After a great lunch on the patio, we go down the hill to the Port Hope Town Hall for another informational gem. Port Hope was originally going to be called Toronto, but at a public meeting in 1818, it was decided that Port Hope was a more popular name amongst the voters. Around the corner and up the hill on King Street, we find the beautiful St. Marks Anglican Church, where Queen Elizabeth and Prince Philip worshiped when they visited Port Hope in 1959. The Right Honourable Vincent Massey, Governor General of Canada, accompanied them.

A straight run across Hwy 2 takes us into Cobourg and its beautiful waterfront, where we find the plaques describing the founding of Cobourg and the Cobourg and Peterborough Railway. From here the ride is more fun, as we get into the pastoral, emerald hills of Northumberland and ride east to Grafton. North on County Road 22, we pass Ste. Anne’s hedonistic spa, built in 1858. Eddystone Road, nestled in the hills enshrouded in spring’s fresh coat of greenery, curves gently as we enter the tiny hamlet of Eddystone. On our left, the Eddystone Baptist Church, built in 1857, proudly stands against a backdrop of nature.

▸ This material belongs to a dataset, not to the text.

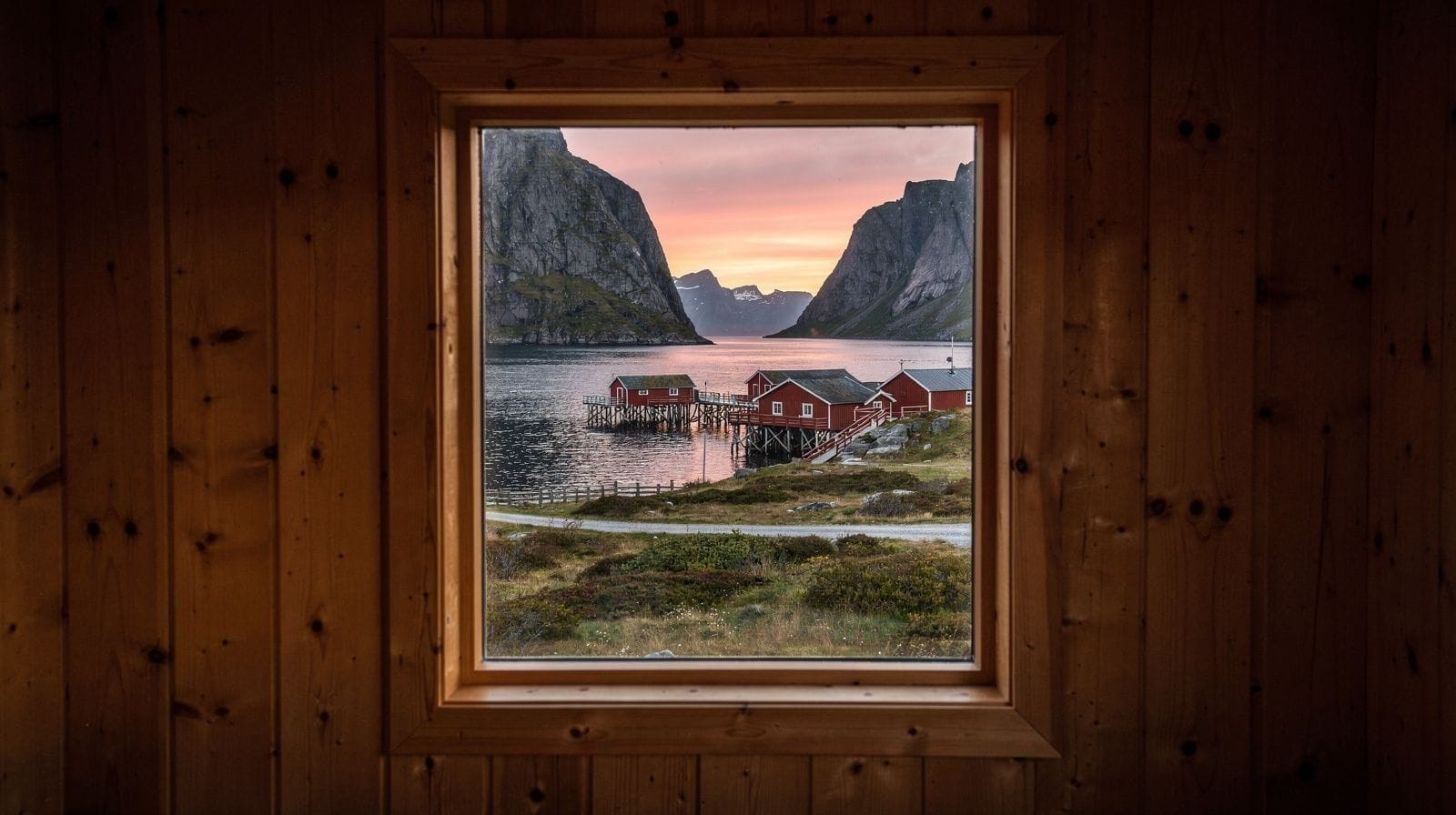 Where to Stay in Lofoten: Svolvær, Leknes, or Reine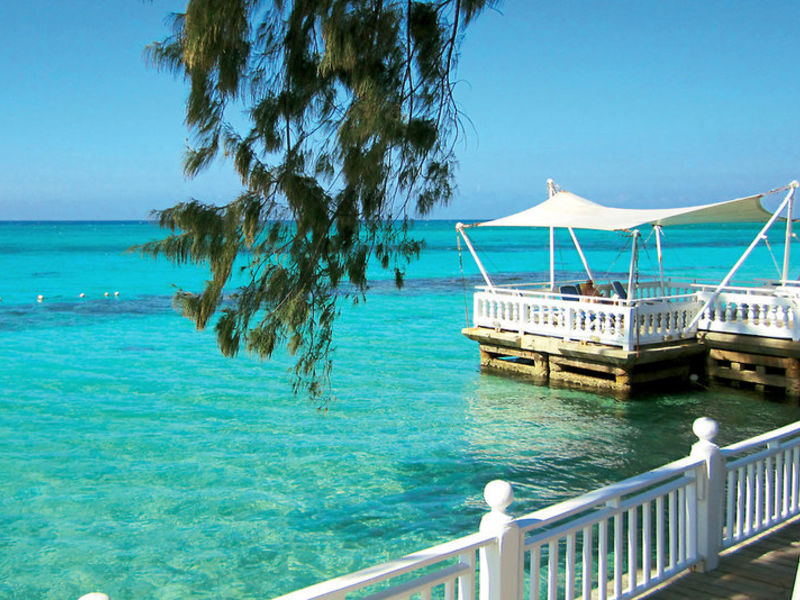 Montego Beach Resort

It is truly a miracle that this wooden edifice still stands after so many years. We wind our way through the hilly terrain and sweeping high-speed curves to Castleton, on to Morganston and into Warkworth, past the home of Warkworth Cheese. In the park at the corner of Mill Street and Old Hastings Road stands a blue plaque honouring J. D. Kelly, a renowned Canadian artist who painted many historical scenes of great moments in Canadian history We take a grand and picturesque ride all the way into Campbellford and the Trent River. In 1831, after the Napoleonic War, two Scottish-born brothers, Lieutenant Colonel Robert Campbell and Major David Campbell, were granted 2200 acres of land in Seymour Township.

A settlement was developed at the calmest and shallowest stretch of the river, which became known as Campbell’s Ford. We find the blue plaque in a little parkette just north of Campbellford’s arched bridge, and we take a few minutes to relax at the end of our ride. Ontario’s blue plaques are definitely a great way to map a ride, and who knows what history you might uncover. To find locations of Ontario’s historical blue plaques, go to ontarioplaques.com.